──────── Materials provided

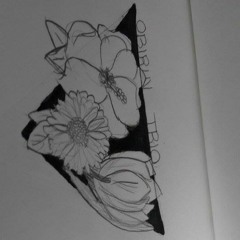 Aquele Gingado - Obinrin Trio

────────────────
──────── Materials provided

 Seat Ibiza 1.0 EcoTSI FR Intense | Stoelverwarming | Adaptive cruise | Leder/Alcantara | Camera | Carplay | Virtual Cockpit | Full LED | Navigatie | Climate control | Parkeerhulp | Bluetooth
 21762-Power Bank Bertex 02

────────────────
──────── Materials provided

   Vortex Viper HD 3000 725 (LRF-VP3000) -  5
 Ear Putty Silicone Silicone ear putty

────────────────

* **What you are asked to do**
Copy out the lines above exactly, beginning at the one that contains "Seat Ibiza 1.0" and ending at the one that contains "21762-Power Bank Bertex 02".

* **Response area**
 Seat Ibiza 1.0 EcoTSI FR Intense | Stoelverwarming | Adaptive cruise | Leder/Alcantara | Camera | Carplay | Virtual Cockpit | Full LED | Navigatie | Climate control | Parkeerhulp | Bluetooth
 21762-Power Bank Bertex 02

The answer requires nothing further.